By HospiMedica International staff writers
Posted on 22 Jul 2025

Each year in the U.S., around 700 children are added to the pediatric heart transplant waitlist, and approximately 10–20% of them die while waiting for a suitable donor organ. A key challenge is the limited availability of viable donor hearts for infants, particularly from circulatory death (DCD) donors. While DCD is a technique that enables organ donation after circulatory rather than brain death, it has been underused in infants due to limitations in existing technologies. Normothermic regional perfusion (NRP) can reanimate the heart within the body, but it poses logistical and ethical challenges that lead many centers to avoid its use. Additionally, existing perfusion devices are too large for infant hearts, causing many potentially viable donor organs to go unused. Now, a groundbreaking approach that enables external reanimation and evaluation of infant donor hearts could potentially expand the pediatric donor pool by up to 20%.

The pioneering technique called on-table heart reanimation that was developed and successfully applied by researchers at Duke Health (Durham, NC, USA) overcomes the limitations of traditional DCD heart recovery in infants. Instead of using NRP or oversized perfusion devices, the team reanimated the donor heart outside the body on a surgical table using a heart-lung machine, known as extracorporeal membrane oxygenation (ECMO). This setup allowed surgeons to evaluate the heart's viability before transplantation while avoiding the complications associated with NRP. The innovation was driven by the urgent need to provide life-saving options for the smallest and sickest patients who previously had no access to DCD heart donations.
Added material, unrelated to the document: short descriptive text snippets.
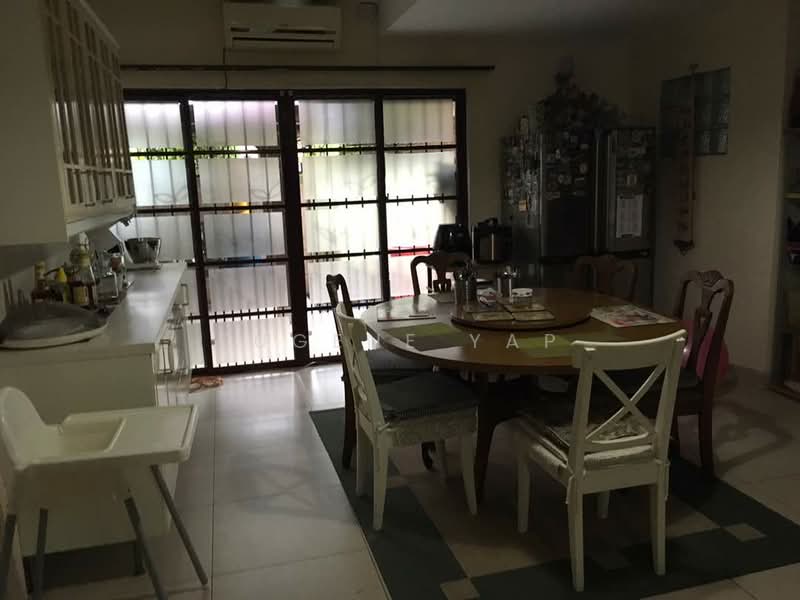Rumah Berkembar untuk Dijual di Taman Sri Andalas (Klang) - Eugene Yap - PropertyGuru.com.my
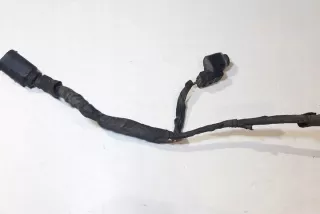 9173106 Датчик температуры BMW 5 F10/F11/GT F07 Арт e11966539, вид 1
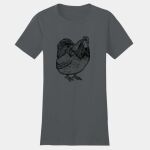 Women's Fitted The Concert Tee ® Thumbnail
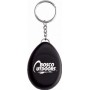 Printed Keyrings - Oval Compass / Key Ring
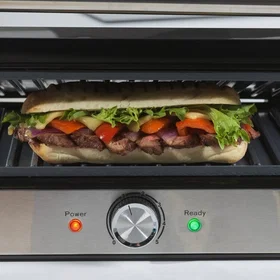 Salter EK6234 Panini Press & Grill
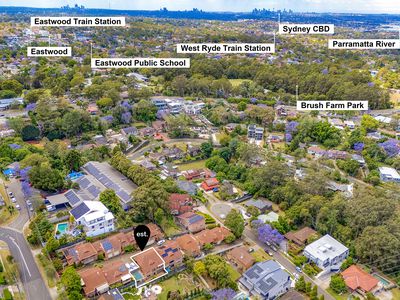 7 / 12-14 Perry St, Dundas Valley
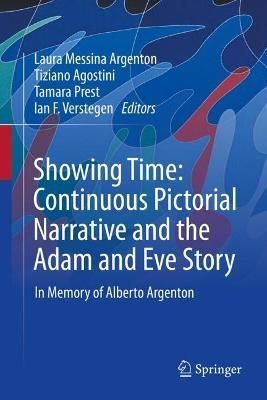 Showing Time 9783031136610 (Hardback)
Image: Duke Health has performed the world’s first on-table heart reanimation for infant transplant (Photo courtesy of Duke Health)
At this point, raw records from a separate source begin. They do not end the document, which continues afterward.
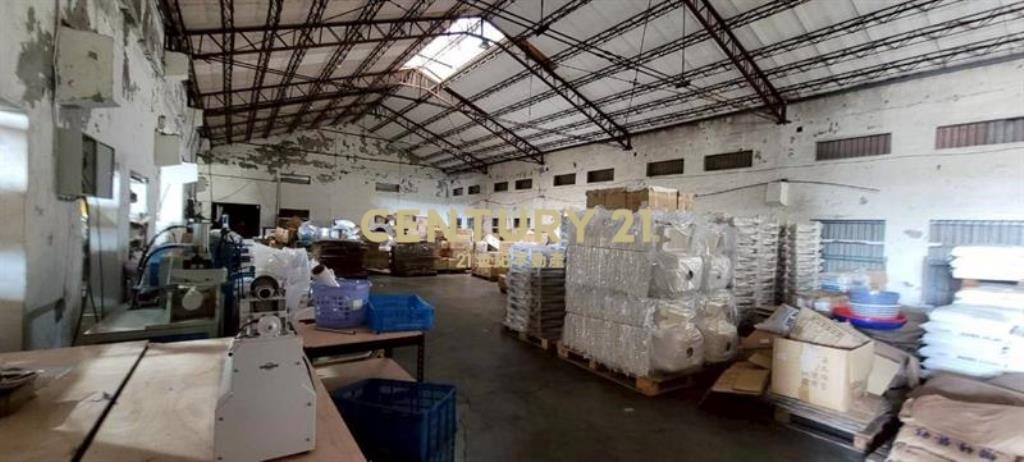 大安興安路乙工廠房~可三照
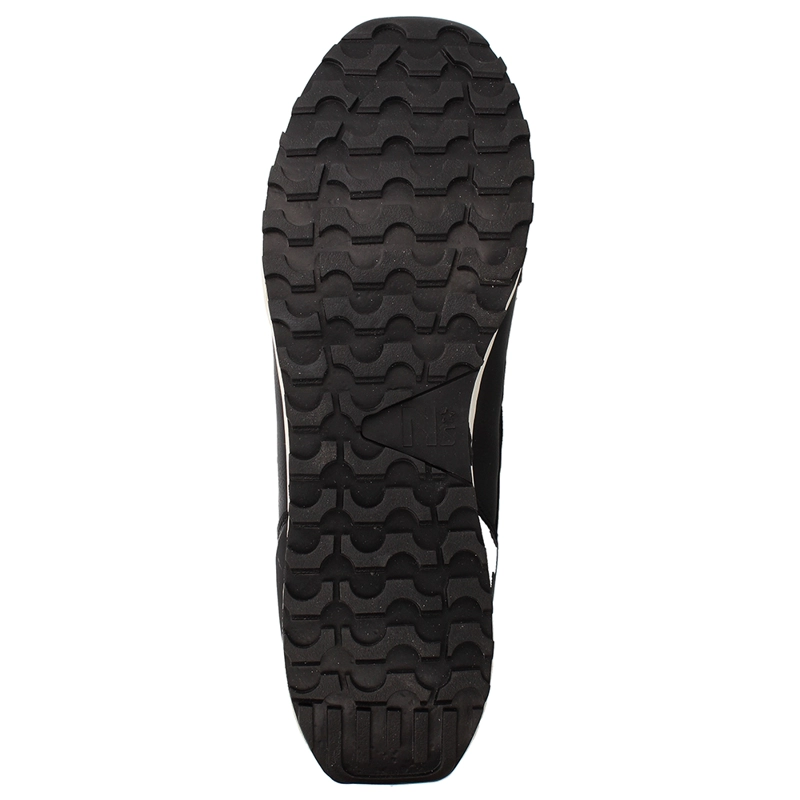ZAPATILLA HOMBRE NORTH STAR FRAN NEGRO - 7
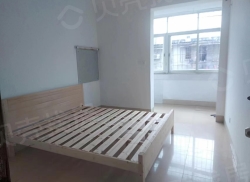 整租·百园一巷小区 2室2厅 南_百园一巷小区租房
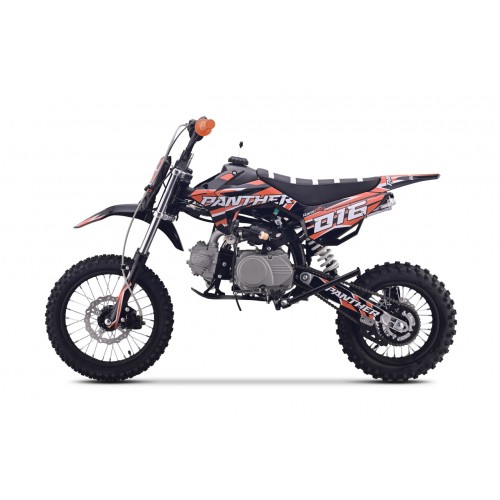 copy of PANTHER 110CC Green Combustion Engine Vehicle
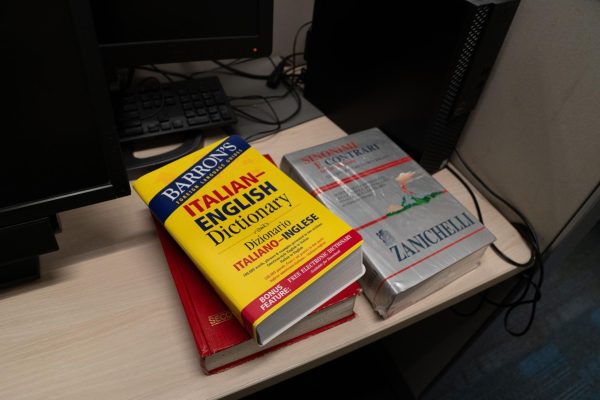 Fordham’s language requirement is not something to be begrudgingly fulfilled; it is an opportunity to evolve.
The technique was successfully used earlier this year to save the life of a 3-month-old patient, marking the first use of on-table heart reanimation in the world. The case study, published in The New England Journal of Medicine, highlights the potential for this approach to become a new standard of care in pediatric heart transplantation. With the ability to reanimate and assess infant hearts externally, the method could dramatically increase the number of usable donor organs and offer renewed hope to families awaiting transplants. Researchers plan to continue refining and promoting the technique, aiming to transform loss into life through greater stewardship and innovation in transplant medicine.

"This is a major step forward in pediatric transplant medicine. On-table heart reanimation could dramatically expand the availability of precious donations — transforming loss into life with greater stewardship and hope," said Joseph Turek, MD, PhD, chief of pediatric cardiac surgery at Duke Health and senior author of the study.